As in all sub-Saharan countries there is a significant HIV/AIDS problem. More than 10% of apparently healthy pregnant women coming to out-patient clinics are found to be HIV positive. BBH has addressed this problem diligently for a number of years, and applied itself – and MBH – to the treatment of HIV sufferers. This includes treatment of HIV positive women admitted in labour, as well as the treatment of their newborn. The hospital has a quite impressive data-base of HIV statistics.

BBH is situated near Kumbo town, population about 10 000. MBH – 50 miles distant on largely undeveloped roads – is truly rural; the nearest community of any size being Bamenda, the Provincial capital, population 300 000, about 25 miles away.
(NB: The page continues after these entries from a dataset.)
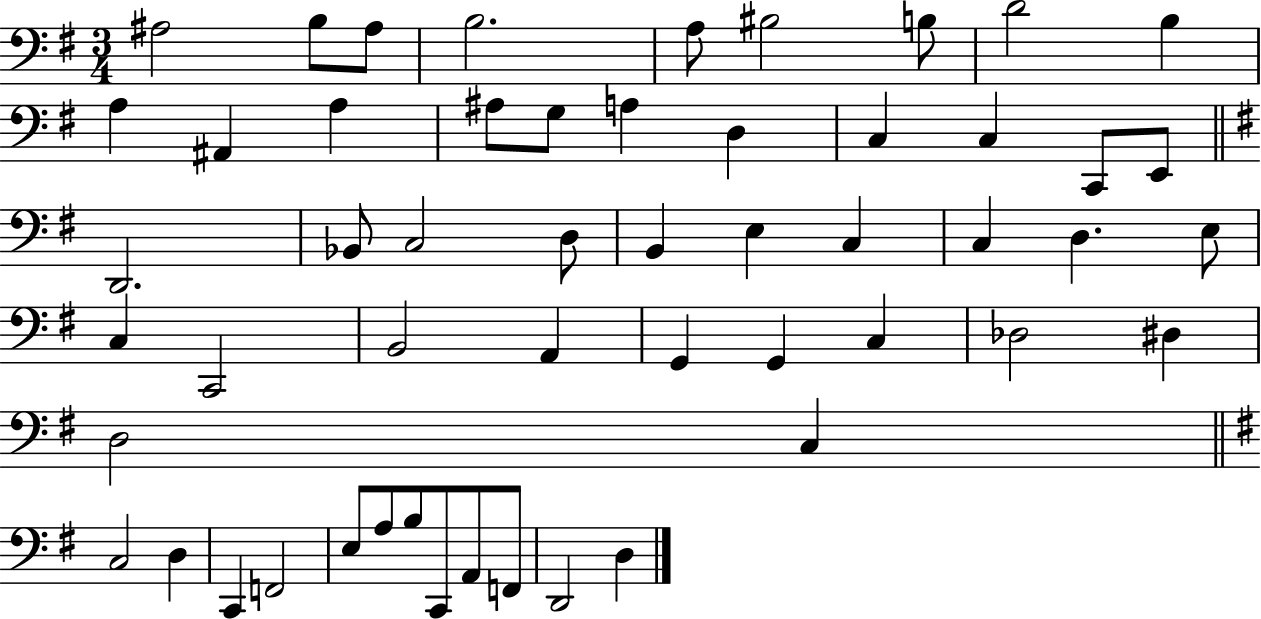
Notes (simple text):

A#3/h B3/e A#3/e B3/h. A3/e BIS3/h B3/e D4/h B3/q A3/q A#2/q A3/q A#3/e G3/e A3/q D3/q C3/q C3/q C2/e E2/e D2/h. Bb2/e C3/h D3/e B2/q E3/q C3/q C3/q D3/q. E3/e C3/q C2/h B2/h A2/q G2/q G2/q C3/q Db3/h D#3/q D3/h C3/q C3/h D3/q C2/q F2/h E3/e A3/e B3/e C2/e A2/e F2/e D2/h D3/q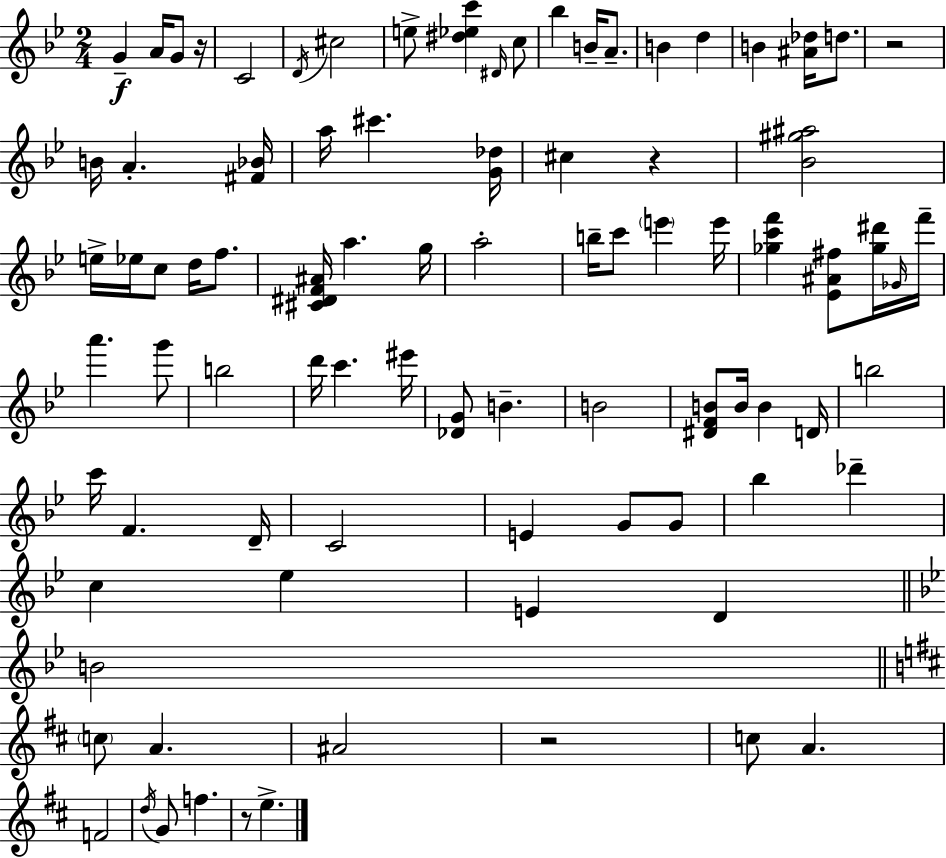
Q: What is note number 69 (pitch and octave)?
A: G4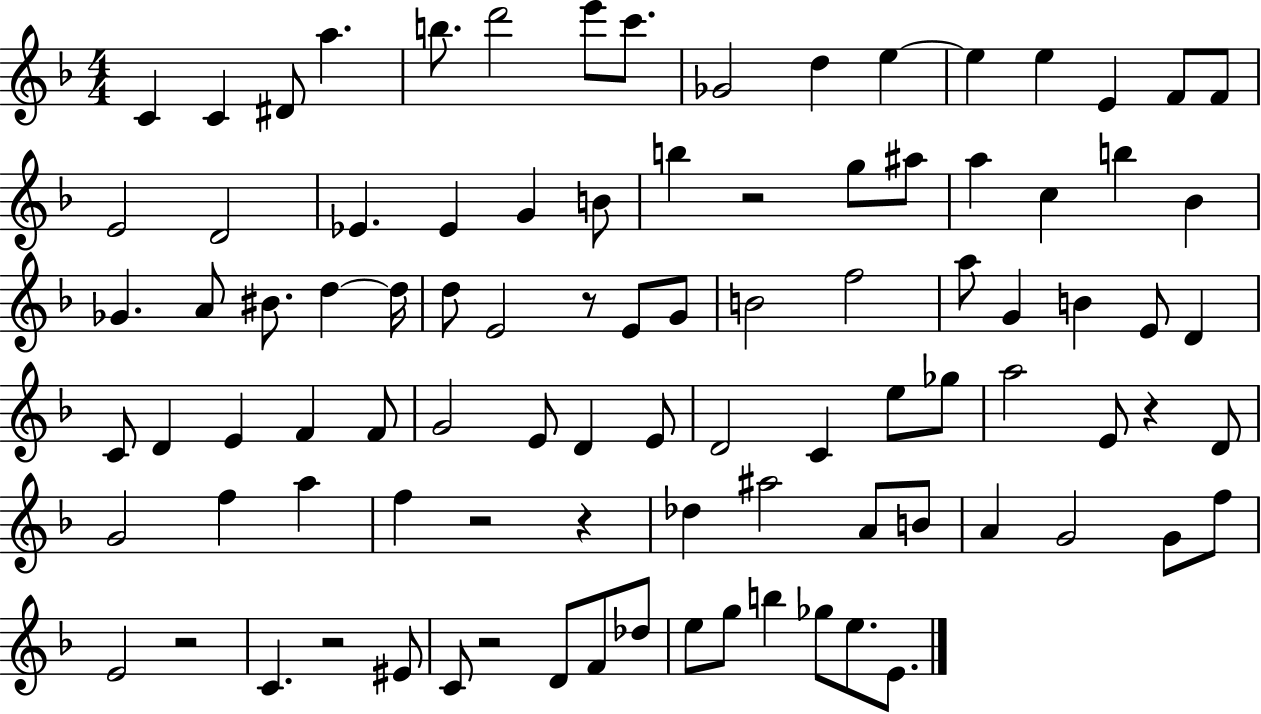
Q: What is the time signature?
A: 4/4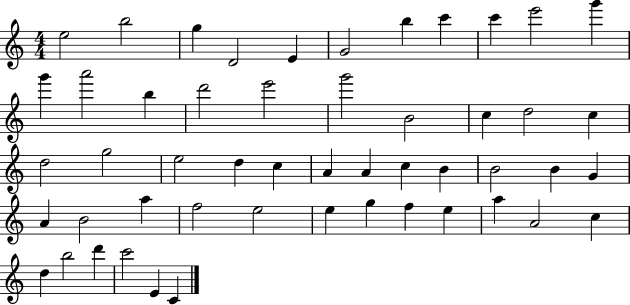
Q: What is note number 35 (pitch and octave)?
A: B4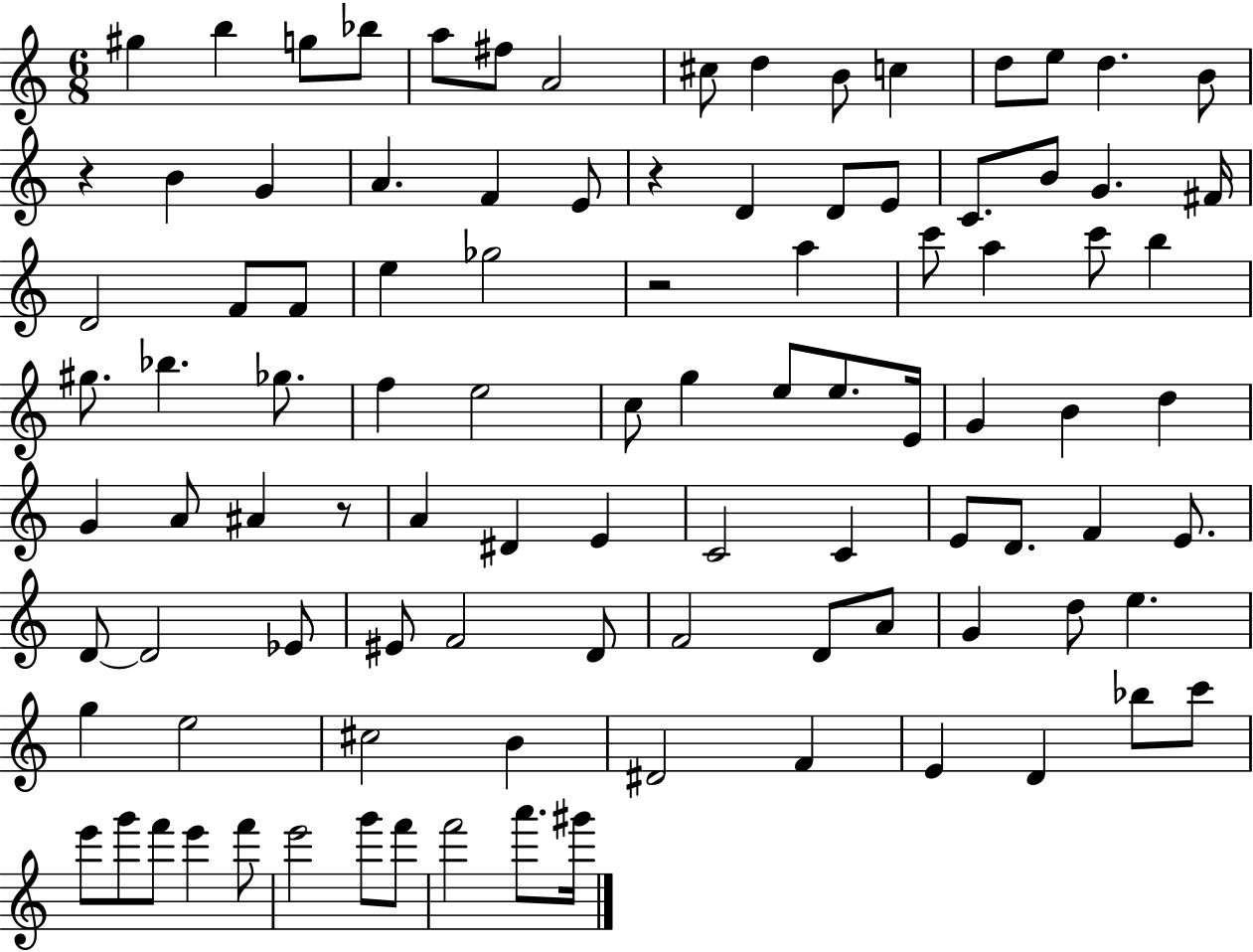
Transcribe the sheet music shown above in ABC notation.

X:1
T:Untitled
M:6/8
L:1/4
K:C
^g b g/2 _b/2 a/2 ^f/2 A2 ^c/2 d B/2 c d/2 e/2 d B/2 z B G A F E/2 z D D/2 E/2 C/2 B/2 G ^F/4 D2 F/2 F/2 e _g2 z2 a c'/2 a c'/2 b ^g/2 _b _g/2 f e2 c/2 g e/2 e/2 E/4 G B d G A/2 ^A z/2 A ^D E C2 C E/2 D/2 F E/2 D/2 D2 _E/2 ^E/2 F2 D/2 F2 D/2 A/2 G d/2 e g e2 ^c2 B ^D2 F E D _b/2 c'/2 e'/2 g'/2 f'/2 e' f'/2 e'2 g'/2 f'/2 f'2 a'/2 ^g'/4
Both hospitals share the beautiful mountainous scenery of the Bamenda plateau at around 1500 – 1700 metres above sea level. Although the latitude is 6ºN of the equator – and about 400 miles from it – the altitude results in both hospitals enjoying a climate similar in temperature to an average summer’s day in England. One has to cope however with the dry and rainy seasons. The former reduces the environment to dry red dust; the latter reduces it to wet red mud.

There is a nursing school at BBH, which ensures that both hospitals are serviced by nurses qualifying within the Baptist Convention system. Ex-patriot workers are always to be found in both hospitals. The majority are from the USA, but from time to time one meets English, German, Canadian and other doctors and students.

There is an impressive TB treatment centre at BBH, funded a few years ago by the American Embassy. TB comes in the wake of HIV; both are an ever-present problem.

BBH was the first hospital to admit, investigate, treat and follow-up children diagnosed with Burkitt’s lymphoma. A special room – intended to be a recreation room for long-term inpatients – was quickly set aside for BL children. It is without doubt the most beautiful ward in the hospital! One year ago a BL centre was established at MBH, largely because the additional work for the doctor in charge of Children’s ward at BBH became excessive, owing to the huge influx of BL cases. Our second centre at MBH is now being well-recognised by the community, and our doctor there is ever more busy with BL cases.

The treatment of BL children – and all investigations, medicines and follow-up costs – are free of charge. This is made possible through the activity of the Beryl Thyer Memorial Africa Trust, and formerly, until the death of Geoffrey Thaxter in 2009, the Lisa Thaxter Trust which was based in Coulsdon, Surrey, UK. The funds of that trust have now been absorbed by World Child Cancer – with which global organisation BTMAT is in close collaboration.